In general, there is no One Correct Way to translate accented characters into
ASCII. It depends on the language, and the word.

For instance, in English ö will usually be translated into just o with no
accent. We usually write coöperate and zoölogy as cooperate and zoology, or
sometimes with a hyphen co-operate, but never cooeperate or zooelogy. But if
the word is derived from German, or words that *look* like they might be
German, we do sometimes use oe: Roentgen rays (an old term for x-rays) after
Wilhelm Röntgen, for instance.

But in other languages the rules will be different. How, for example, should
one translate an Estonian word containing ö into Turkish, but using ASCII
letters only? I have no idea. But in both languages, and unlike German, ö is
*not* considered an o-with-an-accent, but a distinct letter of the alphabet.

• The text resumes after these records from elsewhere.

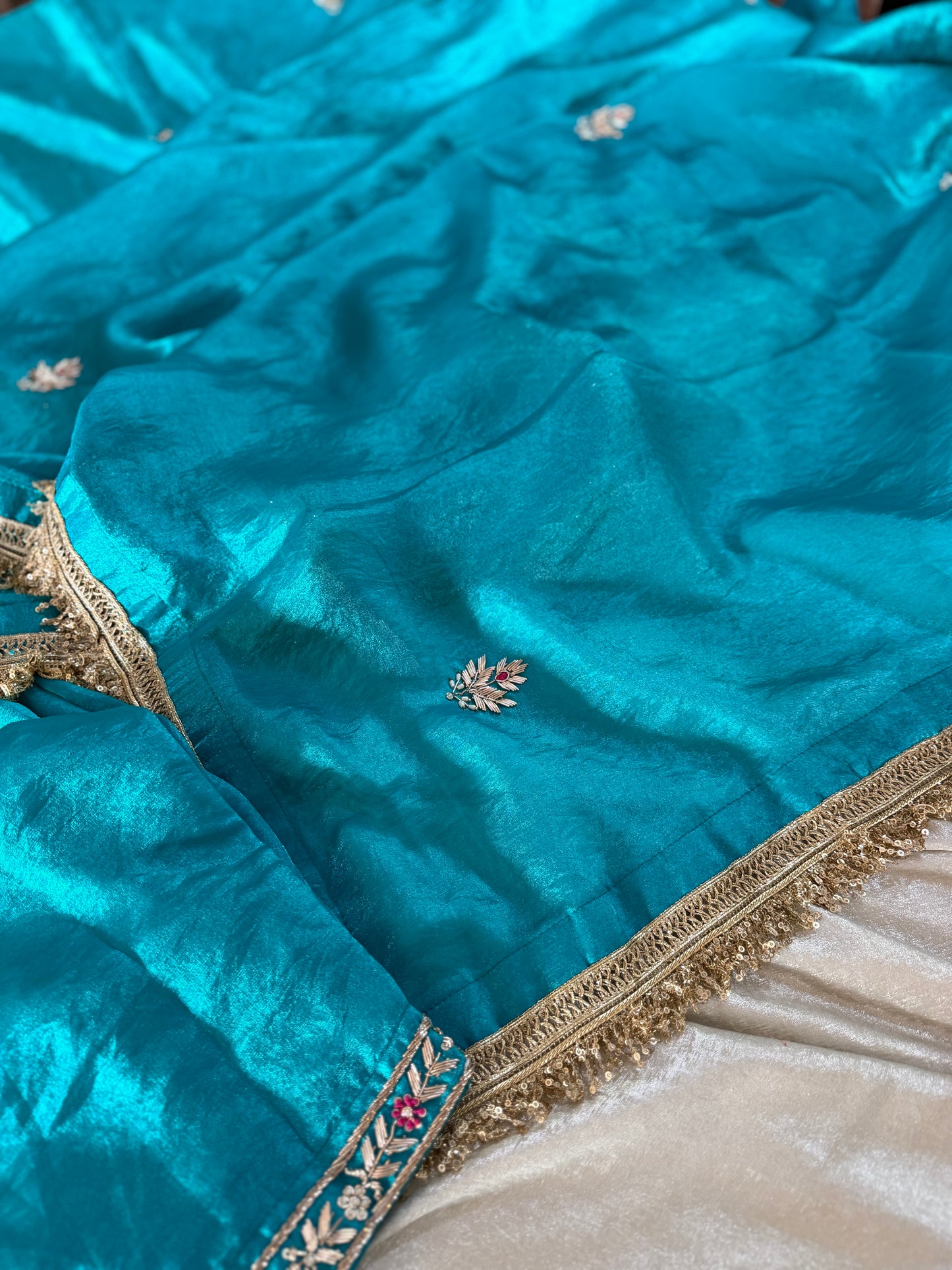 BEAUTIFUL BACKWORK KURTA PANT SET IN ZARDOZI WORK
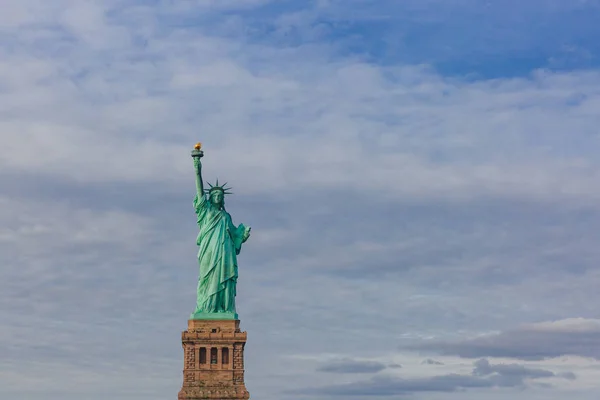 하늘과 뉴욕시 미국에서에 자유의 신상의 — 스톡 사진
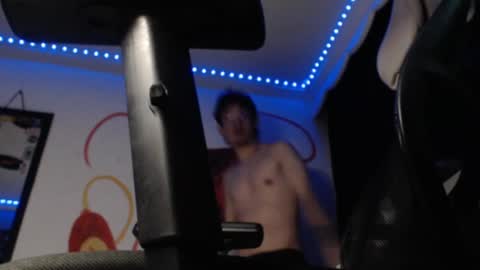 Snapshot of douglas_drake chatting on September 14, 2:14 am douglas_drake online show from September 14, 2:14 am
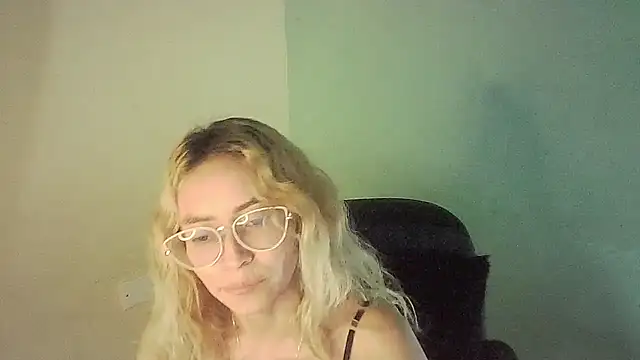 Snapshot of JuliaMack chatting on 9, 1, 2025 JuliaMack online show from 9, 1, 2025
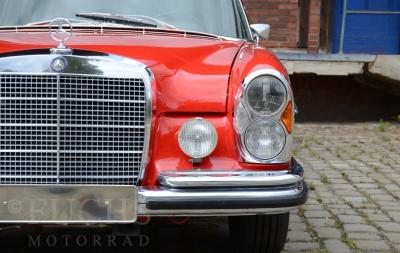 1971 Mercedes - Benz 300 SEL 6.3 W109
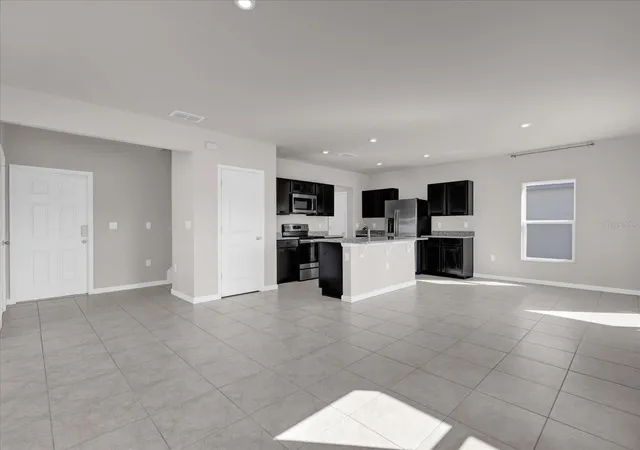 Photo 4 of Single family home for sale at 718 Eagle Landing Blvd, Winter Haven, FL 33880 | MLS# O6451407 | Listing updated on 2026-10-24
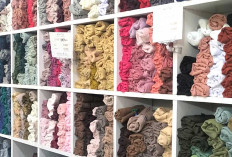 Paris Jadul Tetap Jadi Primadona, Murah, Nyaman, dan Laris Manis di Lubuk Linggau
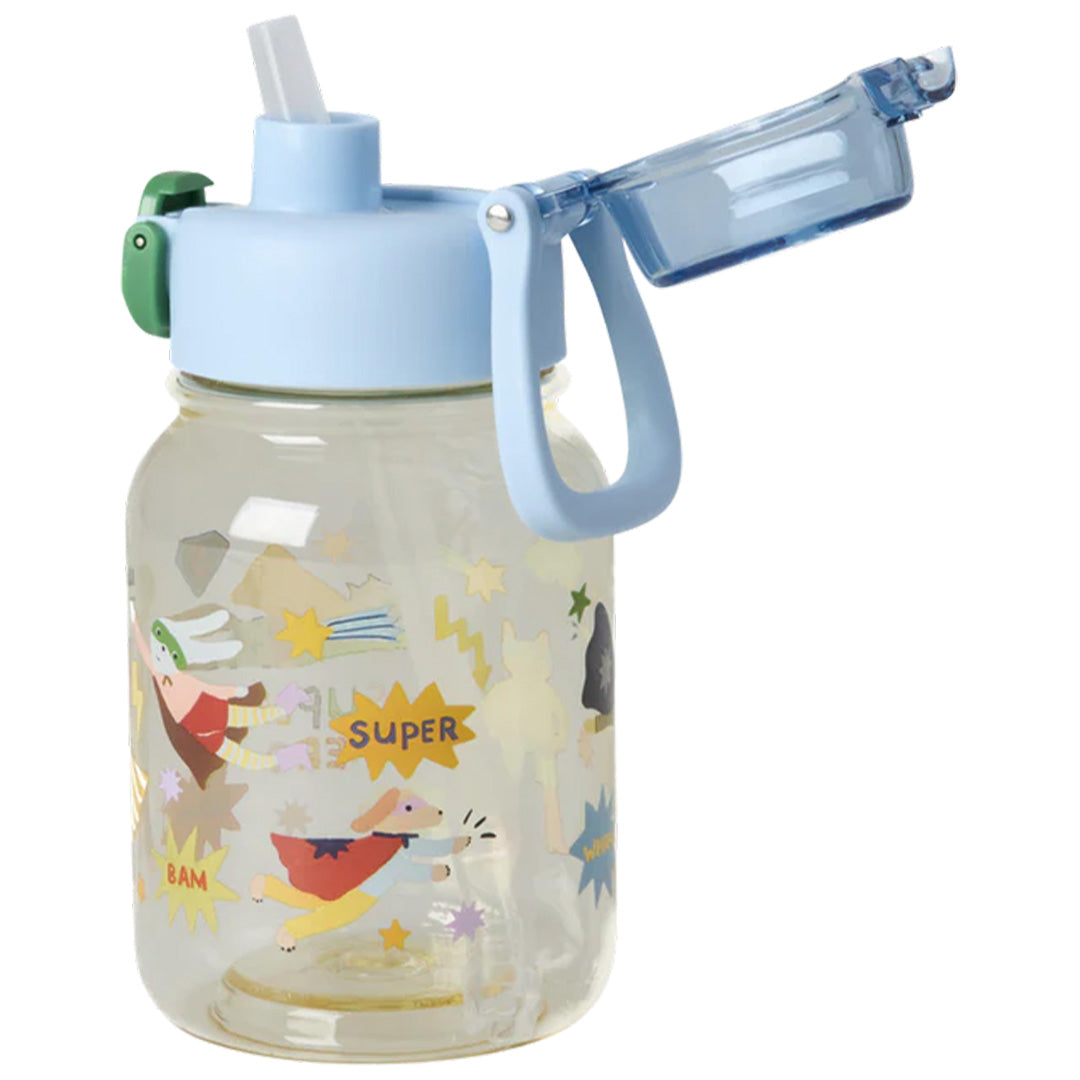 rice kinderdrinkfles met superheldenfiguren en open blauwe dop met rietje.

https://en.wikipedia.org/wiki/Diaeresis_%28diacritic%29


As far as Python goes, if all you want to do is replace ö with oe and Ö into OE
(or perhaps you should use Œ and œ?) then you can use str.replace or
string.translate:

mystring.replace("Ö", "OE").replace("ö", "oe")




--
Steven
git gets easier once you get the basic idea that branches are homeomorphic
endofunctors mapping submanifolds of a Hilbert space.

Steven D'Aprano

unread,
Sep 18, 2016, 2:45:48 AM9/18/16
to
It doesn't matter whether you call them "accent" like most people do, or
"diacritics" as linguists do. Either way, in some languages they are an
integral part of the letter, like the horizonal stroke in English t or the
vertical bar in English p and b, and in some languages they are modifiers,
where there are rules that tell you how to write them without the modifier.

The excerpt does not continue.